INFORMATION: Begin

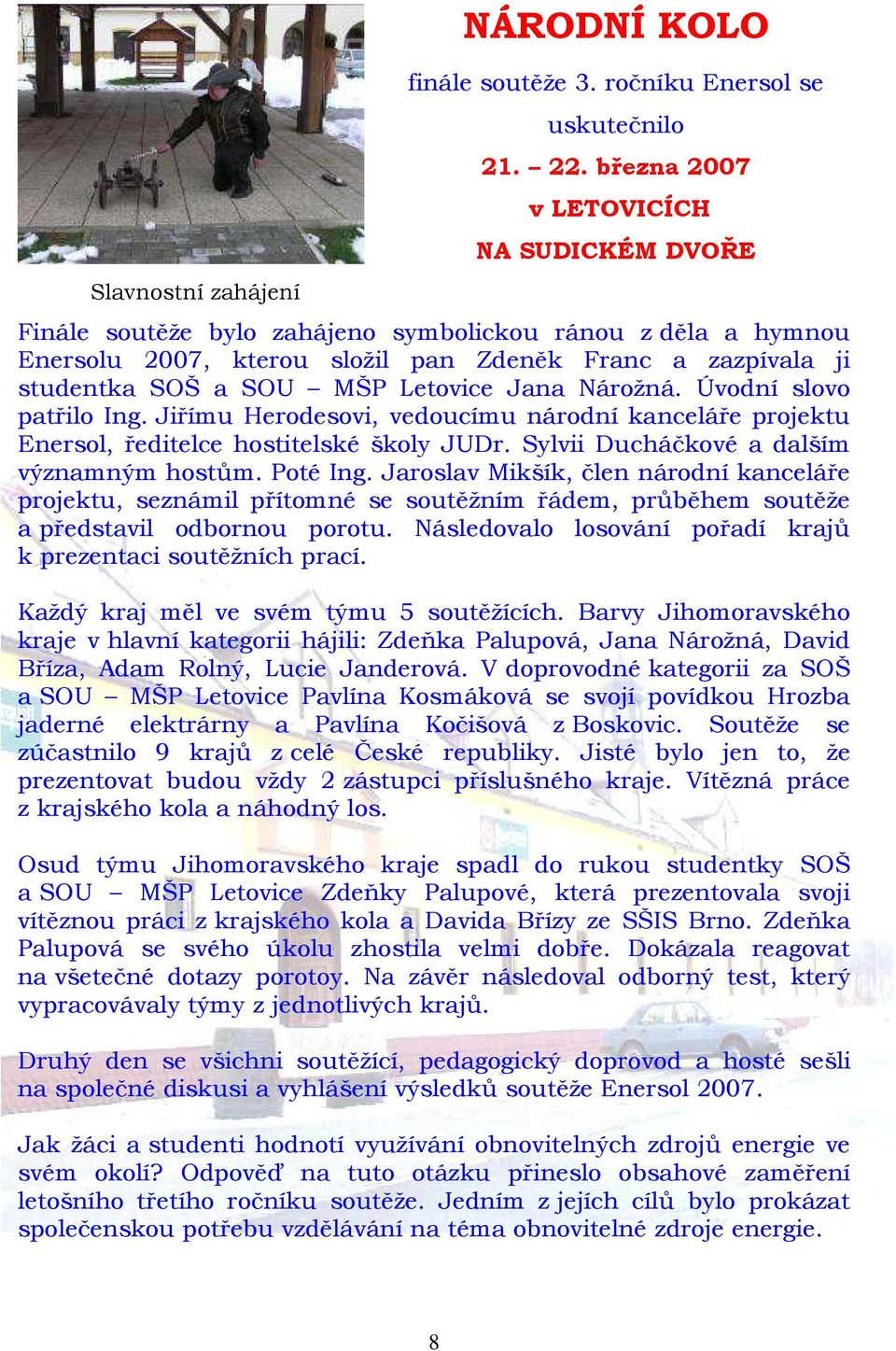 Jana Nárožná. Úvodní slovo patřilo Ing. Jiřímu Herodesovi, vedoucímu národní kanceláře projektu Enersol, ředitelce hostitelské školy JUDr. Sylvii Ducháčkové a dalším významným hostům. Poté Ing.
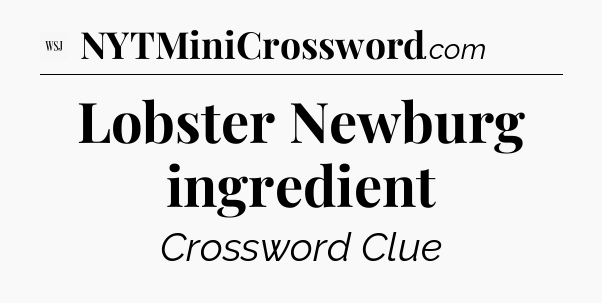 Lobster Newburg ingredient - WSJ Crossword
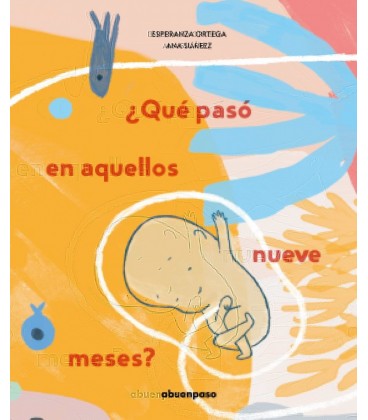 ¿QUE PASO EN AQUELLOS NUEVE MESES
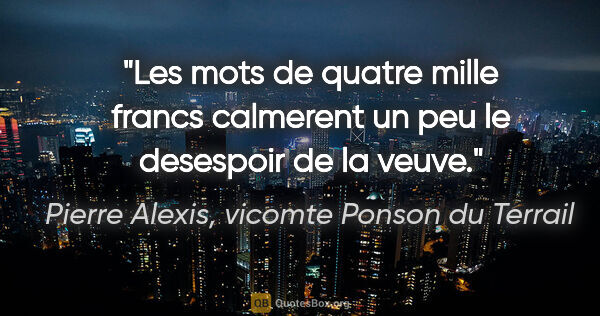 Pierre Alexis, vicomte Ponson du Terrail citation: "Les mots de «quatre mille francs» calmerent un peu le..."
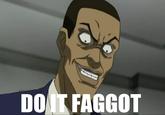 Do It Faggot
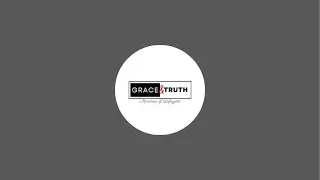 Grace & Truth Ministries of Lafayette is live!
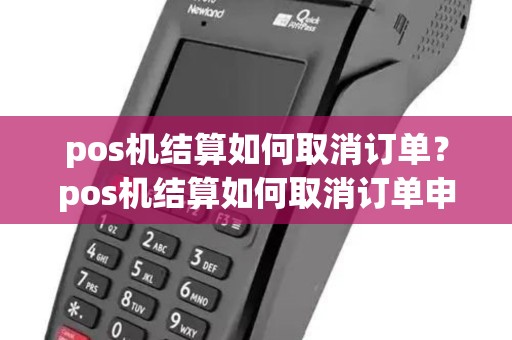 pos机结算如何取消订单？pos机结算如何取消订单申请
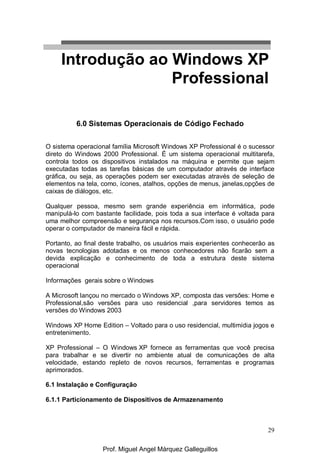 29
6.0 Sistemas Operacionais de Código Fechado
O sistema operacional família Microsoft Windows XP Professional é o sucessor
direto do Windows 2000 Professional. É um sistema operacional multitarefa,
controla todos os dispositivos instalados na máquina e permite que sejam
executadas todas as tarefas básicas de um computador através de interface
gráfica, ou seja, as operações podem ser executadas através de seleção de
elementos na tela, como, ícones, atalhos, opções de menus, janelas,opções de
caixas de diálogos, etc.
Qualquer pessoa, mesmo sem grande experiência em informática, pode
manipulá-lo com bastante facilidade, pois toda a sua interface é voltada para
uma melhor compreensão e segurança nos recursos.Com isso, o usuário pode
operar o computador de maneira fácil e rápida.
Portanto, ao final deste trabalho, os usuários mais experientes conhecerão as
novas tecnologias adotadas e os menos conhecedores não ficarão sem a
devida explicação e conhecimento de toda a estrutura deste sistema
operacional
Informações gerais sobre o Windows
A Microsoft lançou no mercado o Windows XP, composta das versões: Home e
Professional,são versões para uso residencial ,para servidores temos as
versões do Windows 2003
Windows XP Home Edition – Voltado para o uso residencial, multimídia jogos e
entretenimento.
XP Professional – O Windows XP fornece as ferramentas que você precisa
para trabalhar e se divertir no ambiente atual de comunicações de alta
velocidade, estando repleto de novos recursos, ferramentas e programas
aprimorados.
6.1 Instalação e Configuração
6.1.1 Particionamento de Dispositivos de Armazenamento
Introdução ao Windows XP
Professional
Prof. Miguel Angel Márquez Galleguillos
 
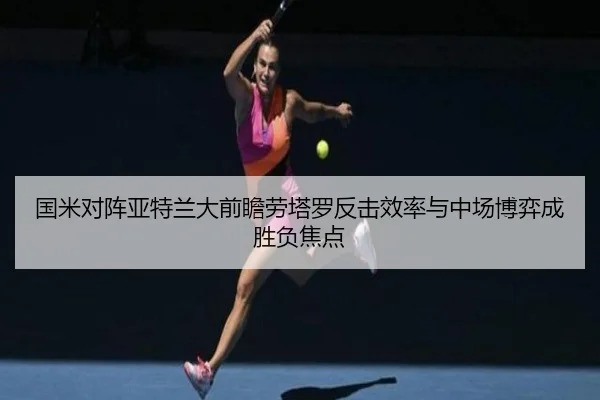 国米对阵亚特兰大前瞻劳塔罗反击效率与中场博弈成胜负焦点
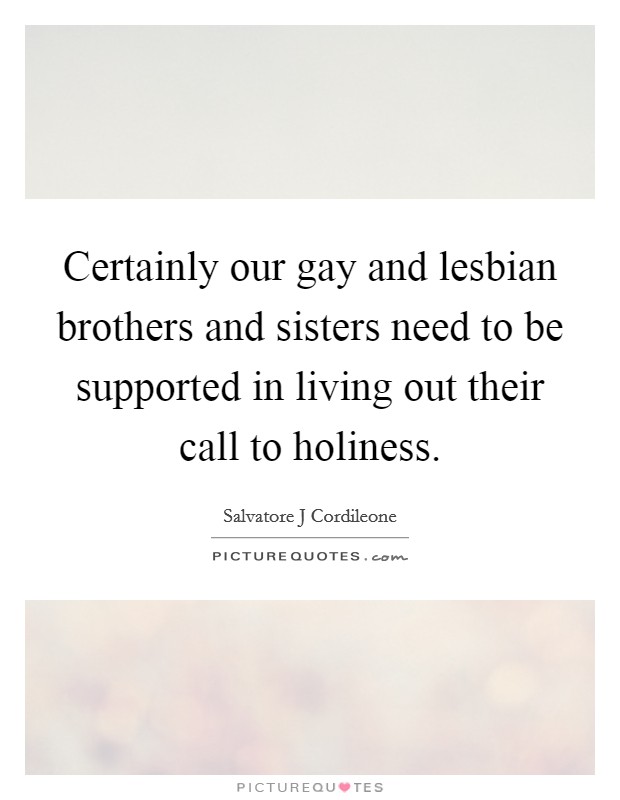 Certainly our gay and lesbian brothers and sisters need to be supported in living out their call to holiness. Picture Quote #1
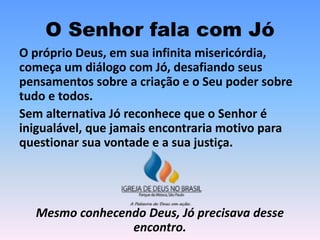 O Senhor fala com Jó
O próprio Deus, em sua infinita misericórdia,
começa um diálogo com Jó, desafiando seus
pensamentos sobre a criação e o Seu poder sobre
tudo e todos.
Sem alternativa Jó reconhece que o Senhor é
inigualável, que jamais encontraria motivo para
questionar sua vontade e a sua justiça.
Mesmo conhecendo Deus, Jó precisava desse
encontro.
 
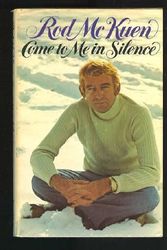 Cover Art for 9780671216689, Come to Me in Silence by Rod McKuen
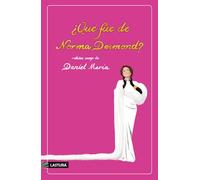 ¿Qué fue de Norma Desmond?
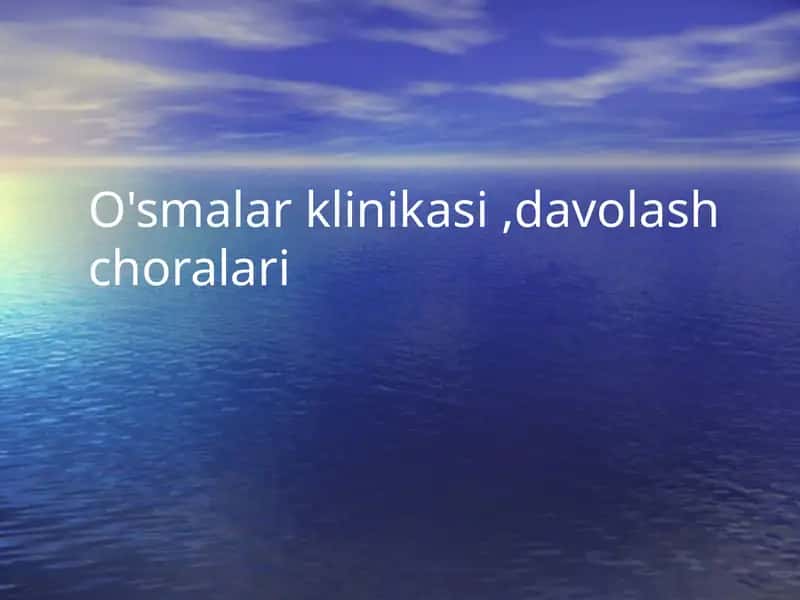 O'smalar klinikasi,davolash choralari 1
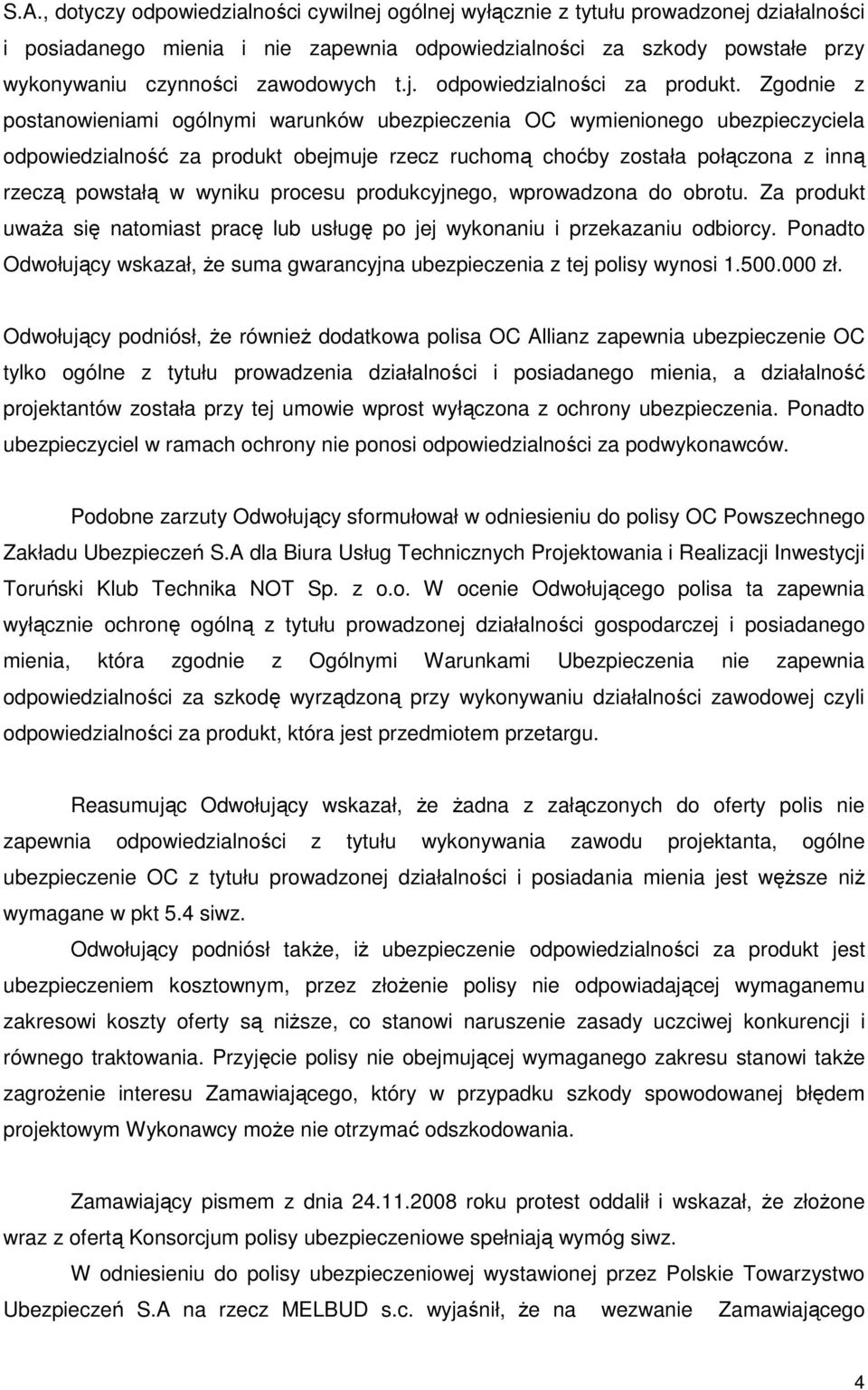 Zgodnie z postanowieniami ogólnymi warunków ubezpieczenia OC wymienionego ubezpieczyciela odpowiedzialność za produkt obejmuje rzecz ruchomą choćby została połączona z inną rzeczą powstałą w wyniku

INFORMATION: End

** YOUR ASSIGNMENT **
Where does "deste" appear in the listing? Show every line that has it.

** OUTPUT BELOW **
Portanto, ao final deste trabalho, os usuários mais experientes conhecerão as
devida explicação e conhecimento de toda a estrutura deste sistema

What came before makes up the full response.